Example 1: Assign a Status From a Completion Percentage

Let’s start with a simple example.

Below is a small project tracker with the task name in column A and how far along it is (as a percentage) in column B. I want to turn each completion number into a plain-English status in column C.

Excel table with Task, Completion percentage, and empty Status columns for IFS function tutorial data

I want anything under 50% to read “Just Started”, anything under 90% to read “In Progress”, and the rest to read “Nearly Done”.

Here is the formula:

=IFS(B2:B6<50,"Just Started",B2:B6<90,"In Progress",B2:B6<=100,"Nearly Done")
Excel formula bar showing an IFS function assigning status labels based on percentage completion values in column B

Because I passed the whole range B2:B6 in one go, the formula spills a status down column C automatically.
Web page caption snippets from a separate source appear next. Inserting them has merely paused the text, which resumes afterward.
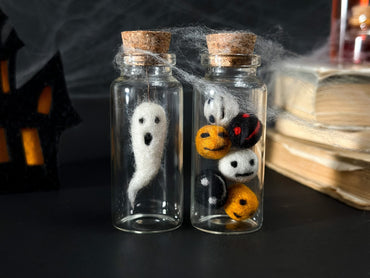 Mini Halloween Bottle Decor – Ghost Bottle or Felt Balls Jar - WoollyFox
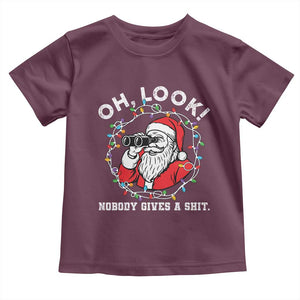Funny Christmas Santa Oh Look Nobody Gives A Shit Toddler T Shirt TS11 Maroon Print Your Wear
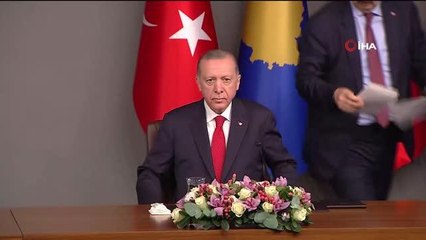 Cumhurbaşkanı Erdoğan: "Kosova'ya en çok ihracat yapan ülke konumundayız ve bunu şimdi 1 milyar Euro'ya ulaştırmamız gerekiyor."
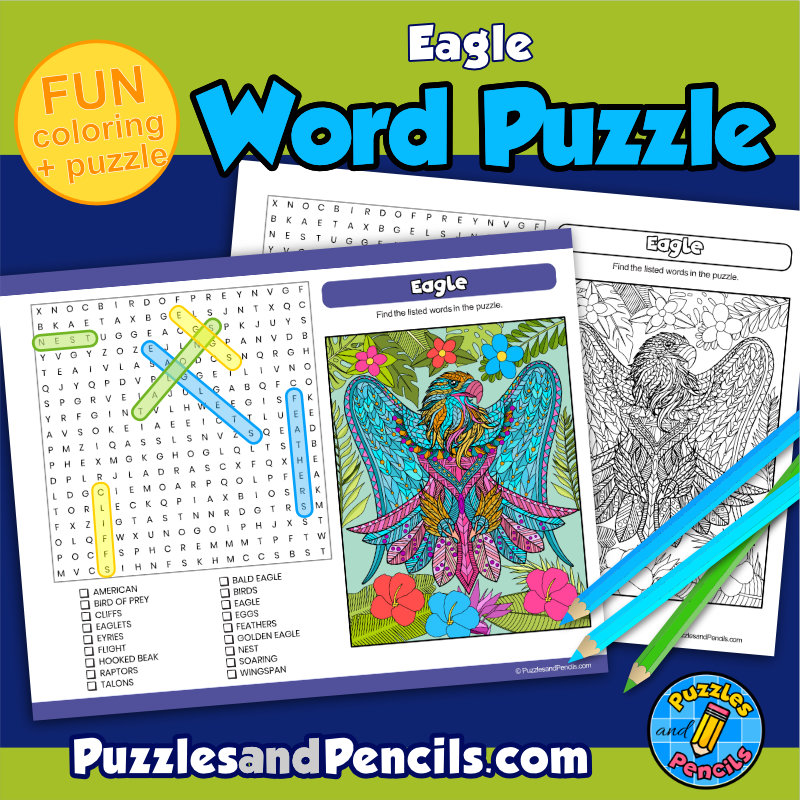 Eagle word search puzzle activity page and coloring june wordsearch made by teachers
You type it once in C2 and Excel fills the rest, no dragging needed.

IFS checks each row against the conditions in order. A value of 65 fails the first test (under 50), passes the second (under 90), and returns “In Progress”. A value of 100 falls through to the last condition and returns “Nearly Done”.
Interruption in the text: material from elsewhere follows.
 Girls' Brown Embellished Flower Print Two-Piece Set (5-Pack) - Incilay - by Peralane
The order is doing real work here. Since IFS stops at the first TRUE, the “under 90” test only ever sees values that already failed “under 50”, so each band is clean.

Pro Tip: The spilling version needs Microsoft 365 or Excel for the web. On Excel 2019 or 2021, put =IFS(B2<50,”Just Started”,B2<90,”In Progress”,B2<=100,”Nearly Done”) in C2 and copy it down.

Example 2: Pick a Value Between Two Numbers

Here’s a really common use: picking a result based on which number range a value falls into.

Below I have an orders table with the order ID in column A and the package weight in kilograms in column B. I want the shipping cost in column C, based on weight brackets.

Excel table showing Order ID and Weight columns with an empty Shipping Cost column for IFS function calculations

I want to charge 5 for anything under 1 kg, 8 up to 5 kg, 12 up to 10 kg, 18 up to 20 kg, and 25 for anything 20 kg and over.

Here is the formula:

=IFS(B2:B6<1,5,B2:B6<5,8,B2:B6<10,12,B2:B6<20,18,B2:B6>=20,25)
Excel formula bar showing an IFS function calculating shipping costs based on weight ranges in column B

This spills a cost down column C. A 3 kg package fails “under 1” but passes “under 5”, so it costs 8. A 15 kg package lands in the “under 20” bracket and costs 18.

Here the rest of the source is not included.